• _PROBLEM TO SOLVE_:
Copy the data that follows, character for character, minus the pictures.

(SUPPLIED DATA Opens)

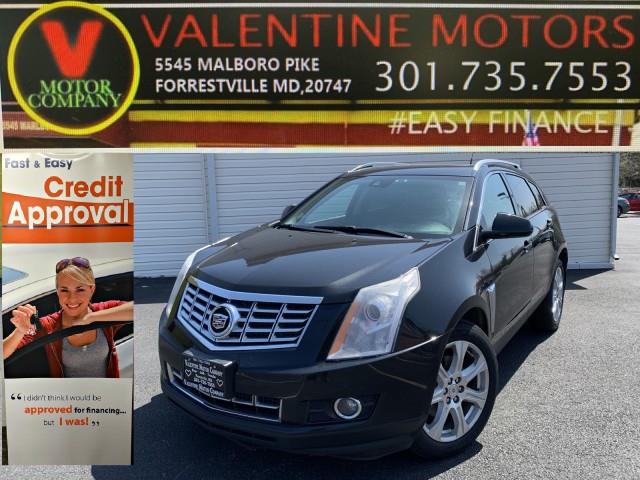 2013 Cadillac Srx Performance Collection, available for sale in Forestville, Maryland | Valentine Motor Company. Forestville, Maryland 2013 Cadillac Srx Performance Collection, available for sale in Forestville, Maryland | Valentine Motor Company. Forestville, Maryland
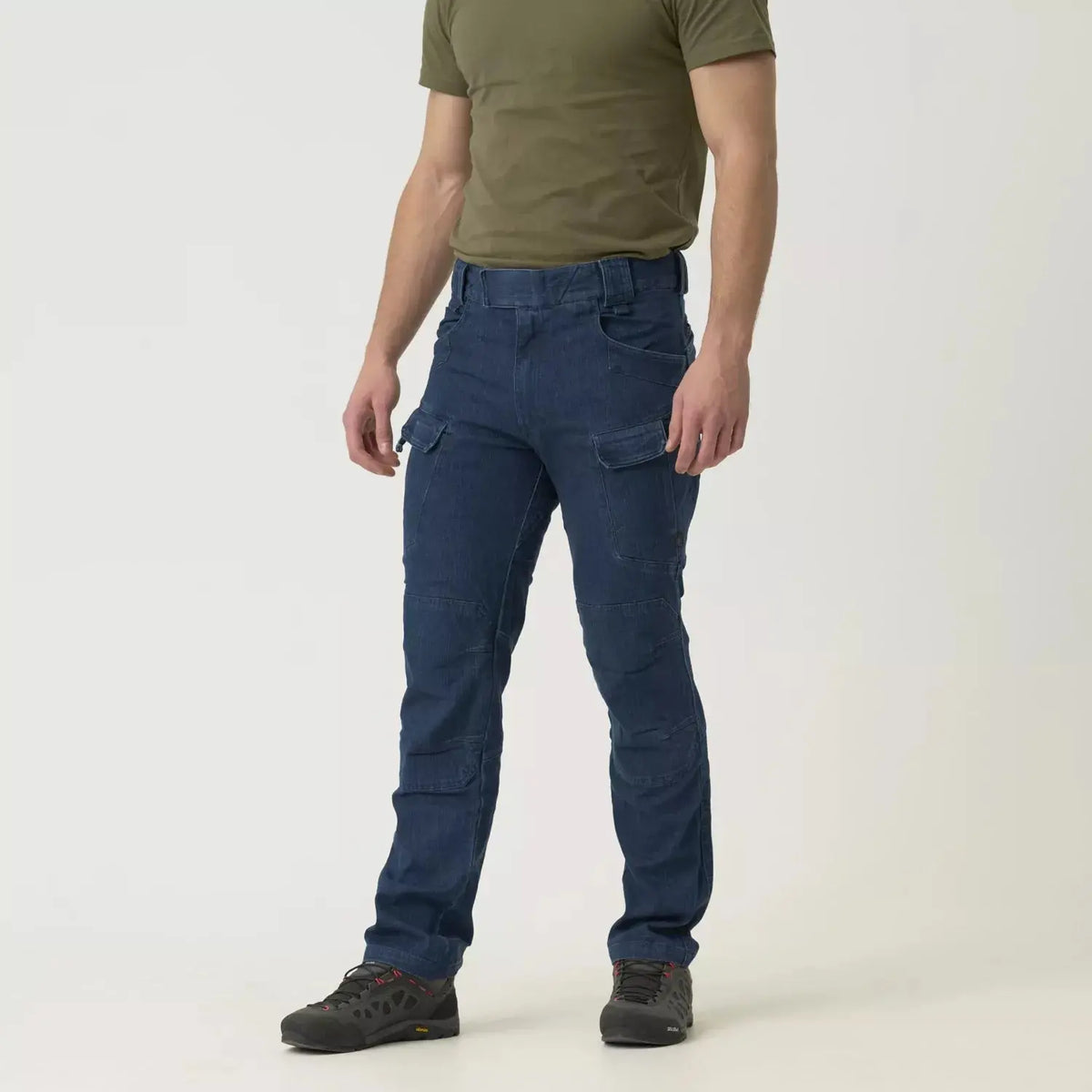 Helikon-Tex UTP Pants - Denim Stretch Helikon-Tex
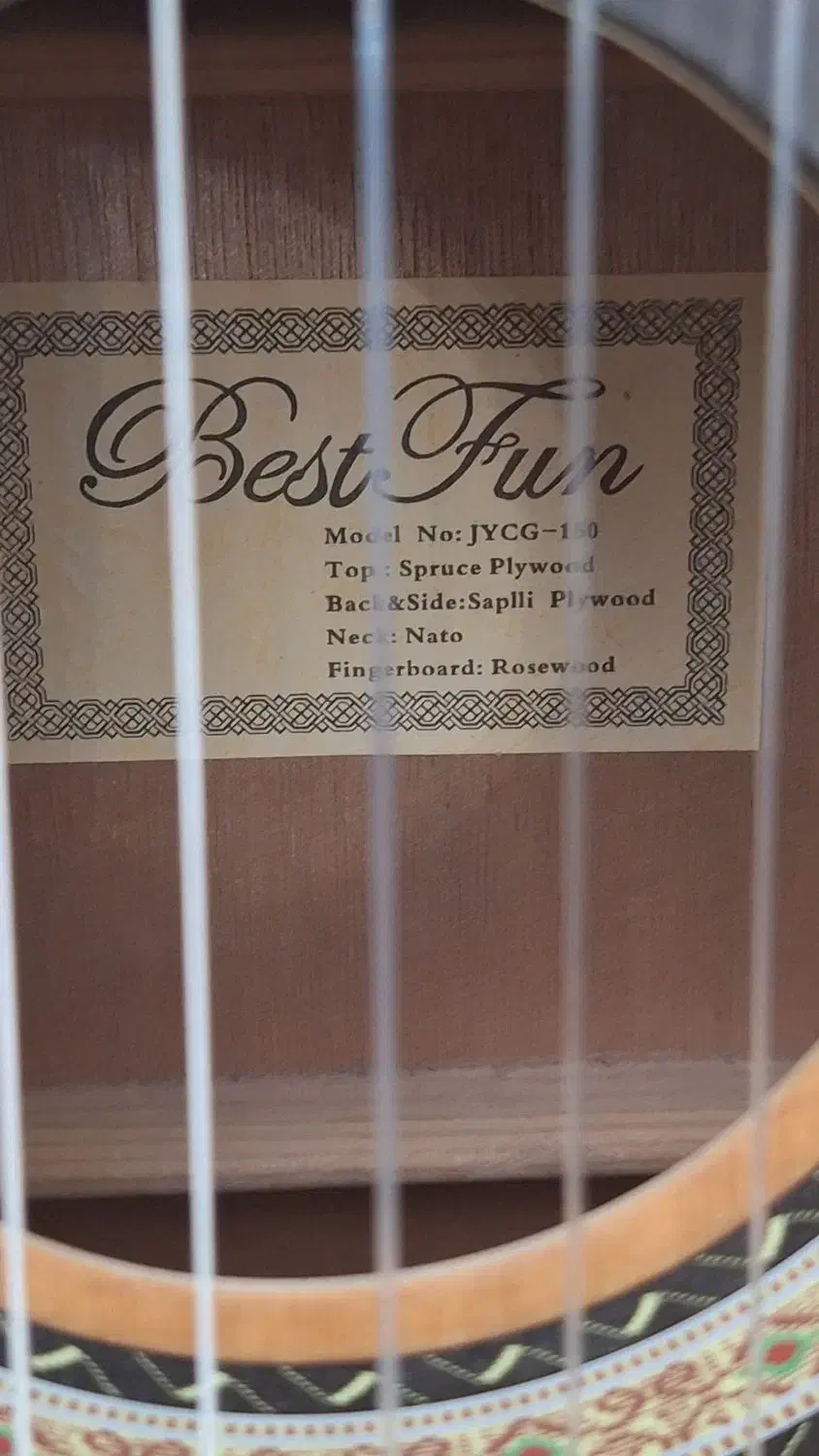 گیتار|گیتار، بیس، امپلیفایر|تهران, اوقاف|دیوار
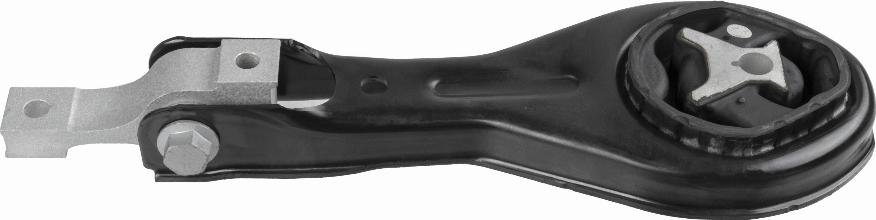 Lemförder 44197 01 - Подушка, підвіска двигуна autozip.com.ua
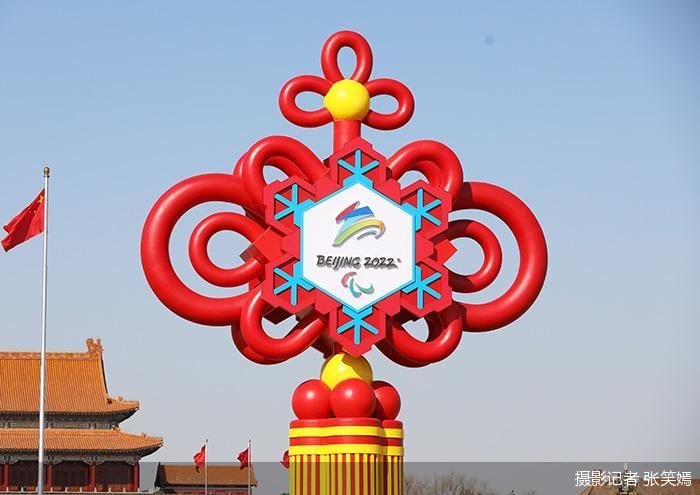 摄影记者 张笑嫣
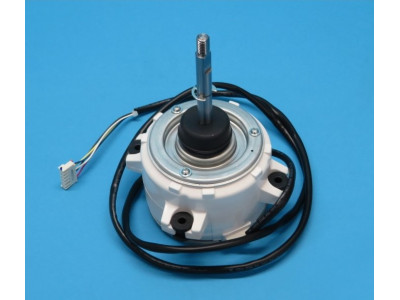 Motor Ventilador Unidad Exterior Aire Acondicionado Hisense K1421124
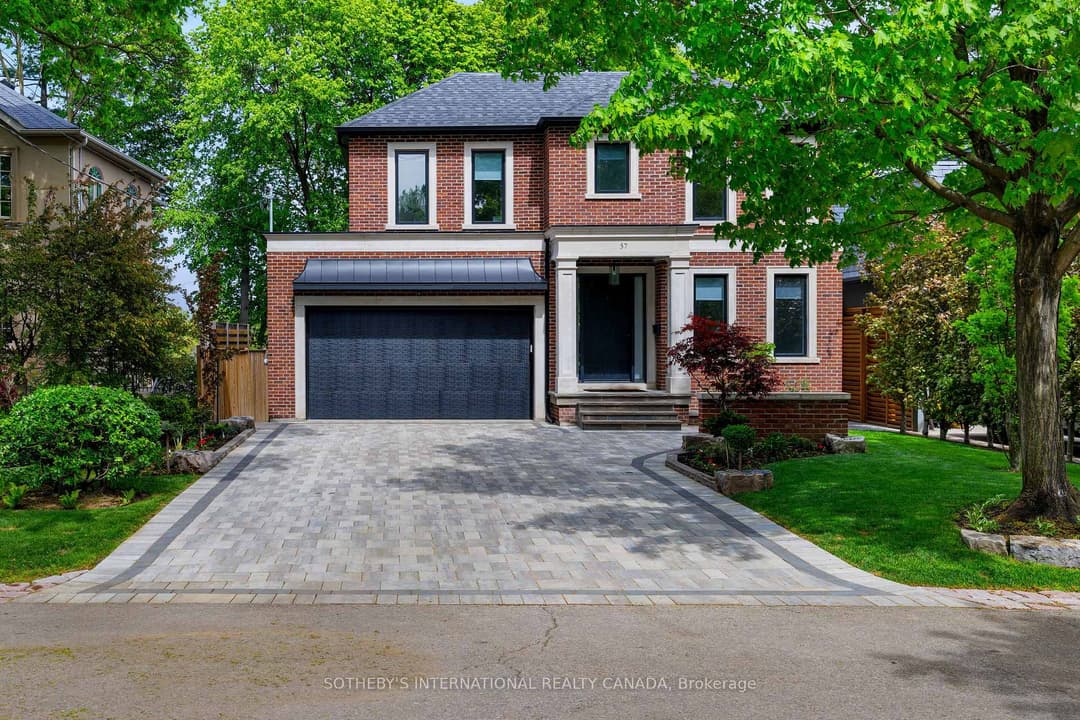 57 Burnhamthorpe Park Boulevard, Etobicoke (Islington / Rexdale)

(SUPPLIED DATA Closes)

• _SOLUTION_:
 2013 Cadillac Srx Performance Collection, available for sale in Forestville, Maryland | Valentine Motor Company. Forestville, Maryland 2013 Cadillac Srx Performance Collection, available for sale in Forestville, Maryland | Valentine Motor Company. Forestville, Maryland
 Helikon-Tex UTP Pants - Denim Stretch Helikon-Tex
 گیتار|گیتار، بیس، امپلیفایر|تهران, اوقاف|دیوار
 Lemförder 44197 01 - Подушка, підвіска двигуна autozip.com.ua
 摄影记者 张笑嫣
 Motor Ventilador Unidad Exterior Aire Acondicionado Hisense K1421124
 57 Burnhamthorpe Park Boulevard, Etobicoke (Islington / Rexdale)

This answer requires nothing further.